2.2. Reinforcement-Learning Based Image Super Resolution

Reinforcement learning (RL) is a machine-learning approach employed to train agents to generate decision sequences. It is frequently used in applications such as gaming, robotics, and autonomous systems [25,29,34]. Most deep-learning-based image-processing tasks require large amounts of data to train models. Acquiring substantial volumes of data poses significant challenges in certain domains. In addition, these methods failed to address robustness to noise and variations in the input data. Using reinforcement learning, learning from limited data becomes possible, leading to increased robustness against noise and variations in the input data. Vassilo et al. introduced a method that employed multiple GANs at both the pixel and patch levels [35]. Although this approach has demonstrated superior results in SR tasks, it remains impractical for ESR tasks owing to its high memory complexity and time-consuming nature.

3. Proposed Reinforcement-Learning-Based Super Resolution Method

In this section, we present the novel PixelCraftSR, which combines ESR networks with an RL framework, thus enabling the transfer of knowledge representations from ESR models to our proposed RL framework. Such a novel learning strategy helps our pixel-level decision method to construct superior SR images. Figure 3 presents an overview of the proposed framework.

3.1. Base Image Construction

In the proposed method, bicubic up-sampled LR images were initially input into PixelCraftSR. This process involves the construction of a foundational image using cost-effective interpolation techniques. We further investigated these interpolation methods by experimenting with bilinear interpolation, bicubic interpolation, and nearest-neighbor methods [36]. Notably, we consistently observed that bicubic interpolation yielded superior results compared to other interpolation methods. This approach facilitates our RL agents in rapidly attaining HR pixel values by providing an initial pixel value obtained through bicubic interpolation.
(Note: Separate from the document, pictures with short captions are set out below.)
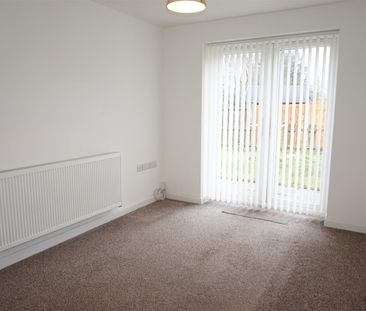 Evesham Road, Redditch - Photo 3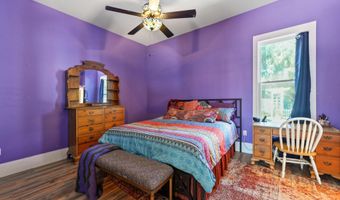 206 Main St, Bay St. Louis, MS 39520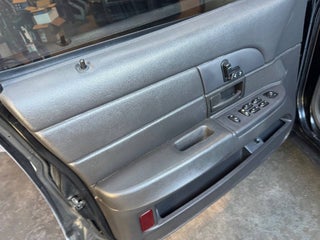 2005 Ford Crown Victoria thumbnail – North Las Vegas, NV – 17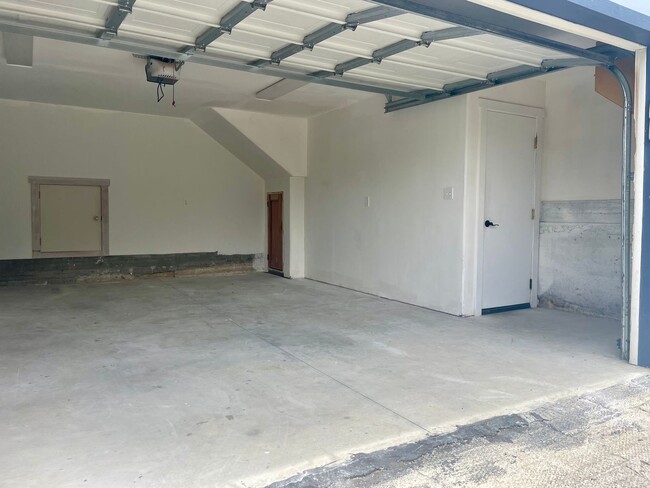 Building Photo - 598 Sycamore Vista Rd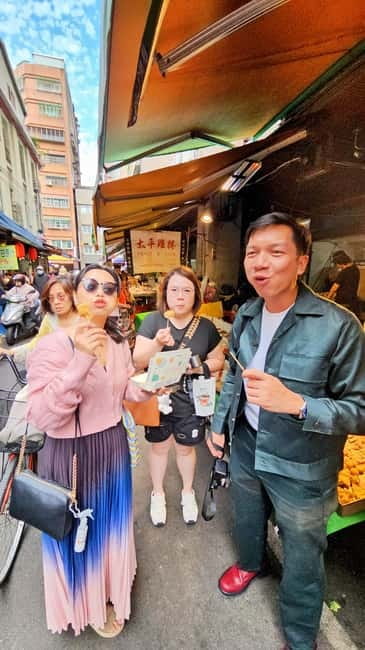 Taipei: Cooking Class & Market Adventure Historic Dadaocheng - What happens during the market adventure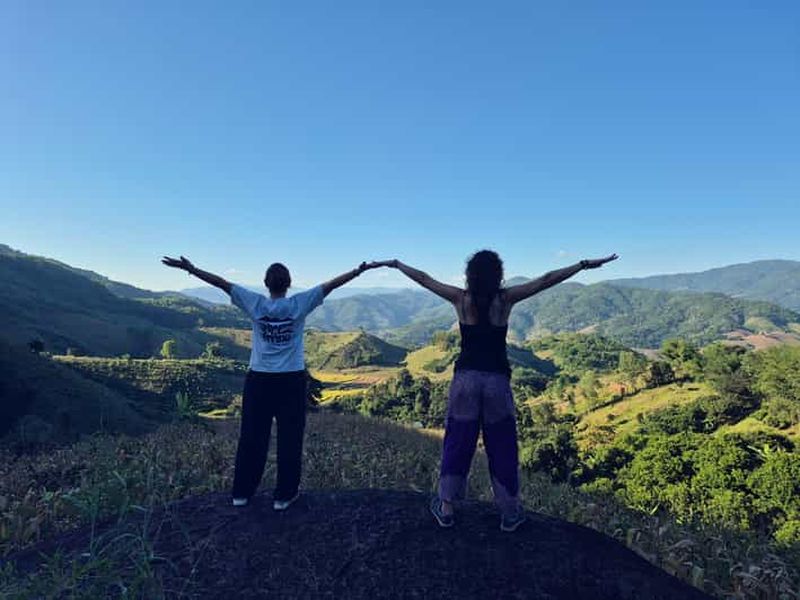 Billet Aventure dans la jungle : randonnée et cuisine en bambou (petit groupe)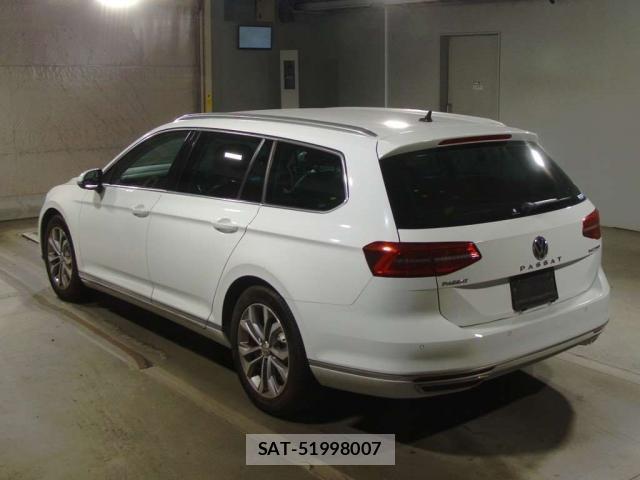 VolksWagen PASSAT VARIANT 2016-03 8223134-4
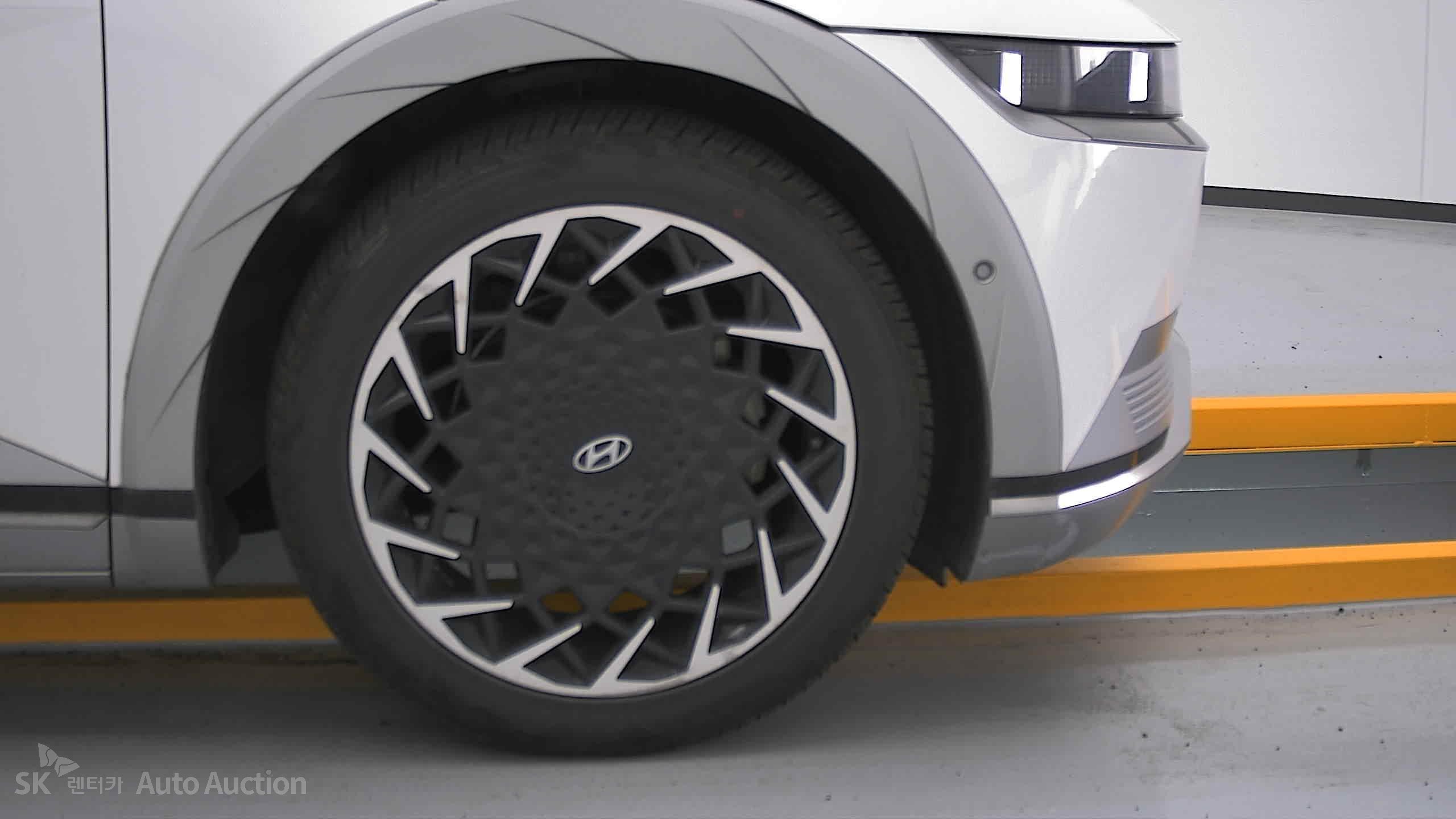 2022 - hyundai ioniq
The transition from bicubic pixel values to HR values is notably efficient and expedites convergence. Consequently, the focus shifted from the direct convergence of the LR pixel values to the HR values. This strategy has the added benefit of reducing the model parameter count. Equation (1) describes the procedure. In this context,

I_{t}

represents the resultant base image, B denotes the function employed for bicubic image upsampling, and

I_{LR}

refers to the LR image.

I_{t} = B (I_{LR})

(1)

Following the creation of the base image, it is introduced into our novel RL framework with the purpose of engendering SR on the given image.
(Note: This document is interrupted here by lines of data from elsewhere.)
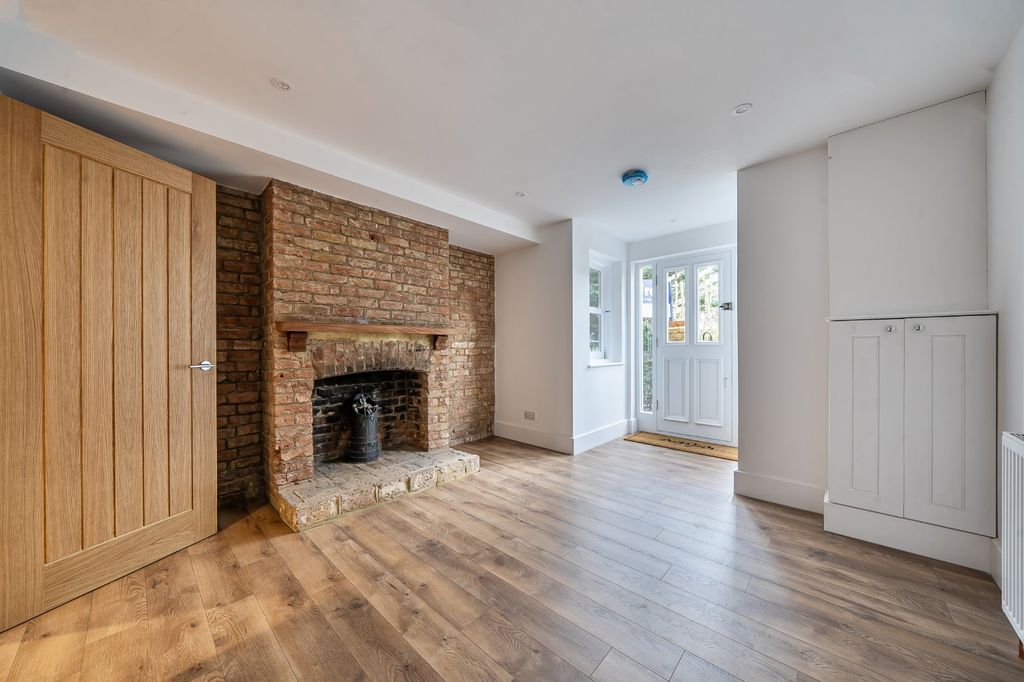 Property photo 2 of 32 Picture No. 18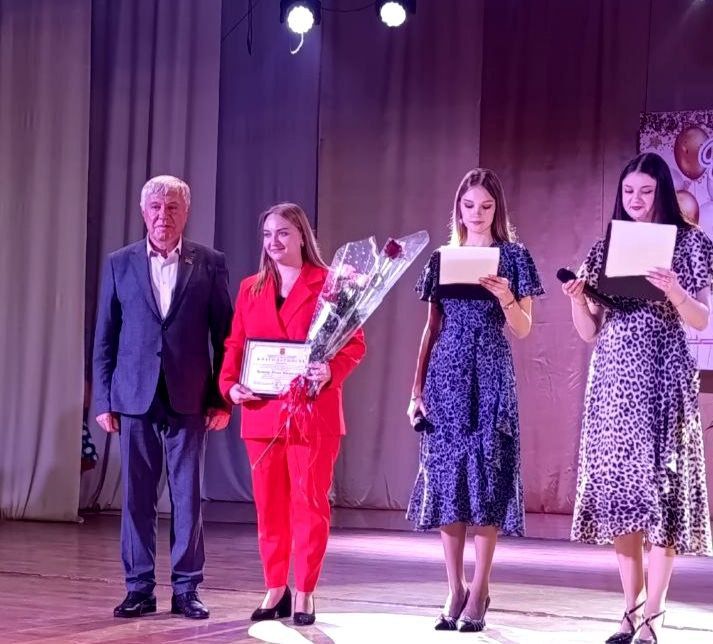 Сергей Литвинов: В Ждановке прошла концертная программа в честь Дня учителя Сергей Литвинов: В Ждановке прошла концертная программа в честь Дня учителя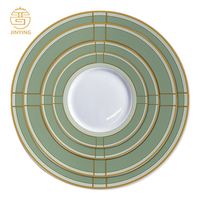 Service de table vert et or Renaissance, design classique, assiettes en porcelaine fine pour cadeau de mariage et repas raffinés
3.2. Pixel-Wise A3C-Based Agent for PixelCraftSR

The A3C algorithm, a key improvement in deep RL, incorporates the actor–critic technique [35], in which an actor-network initiates actions comparable to a policy and a critic-network analyzes its usefulness as a value network—critical for complex decision-making. A3C’s unique asynchronous training, which involves parallel agent instances, runs independently, speeds up learning, and adds variations to the training trajectory [34].
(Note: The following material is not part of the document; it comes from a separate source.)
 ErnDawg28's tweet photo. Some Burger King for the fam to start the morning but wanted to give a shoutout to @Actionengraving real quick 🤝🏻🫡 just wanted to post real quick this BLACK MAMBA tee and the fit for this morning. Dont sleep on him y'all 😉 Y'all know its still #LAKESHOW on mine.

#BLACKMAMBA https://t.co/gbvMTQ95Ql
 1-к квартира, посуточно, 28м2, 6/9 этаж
In the context of a pixel-wise agent deployment strategy for SR tasks, the actor–critic framework is utilized to optimize the quality of reconstructed HR pixels. For each pixel location, the Actor dynamically selects an action,

a_{t}

, based on the observed state

s_{t}

, which may include contextual features from the input image and past actions. The selected action directly influences the reconstruction of the corresponding HR pixel. Simultaneously, the Critic estimates the value function,

V (s_{t})

, which evaluates the expected long-term reward from the current state and helps refine the Actor’s policy through backpropagation. This interaction continues iteratively across all pixels. The entire workflow, including state transitions, action selection, value estimation, and reward feedback, is illustrated in the updated Figure 4, which explicitly visualizes the relationship between the Actor, Critic, and pixel-wise decision making process.

In our task, the Bellman equation, which incorporates the difference in mean squared error (MSE) values between successive states, guided the updates in the actor–critic methods. The policy gradient approach was used to update the actors.

\nabla_{θ} J = \frac{1}{B} \sum_{t = 1}^{T} \nabla_{θ} log π_{θ} (a_{t} | s_{t}) \cdot A_{θ} (s_{t}, a_{t})

(2)

In Equation (2), the policy

π

with respect to its parameters

θ

provides guidance for enhancing the performance of the Actor.

\nabla_{θ} log π_{θ} (a_{t} | s_{t})

calculates the gradient corresponding to the log probability of action selection

a_{t}

at the state of

s_{t}

, and

A_{θ} (s_{t}, a_{t})

represent the advantage function, which captures the difference in quality between the built SR image and the Critic’s evaluation. The total time steps T and normalization by batch size B ensure that the policy variables are updated in a comprehensive and consistent manner.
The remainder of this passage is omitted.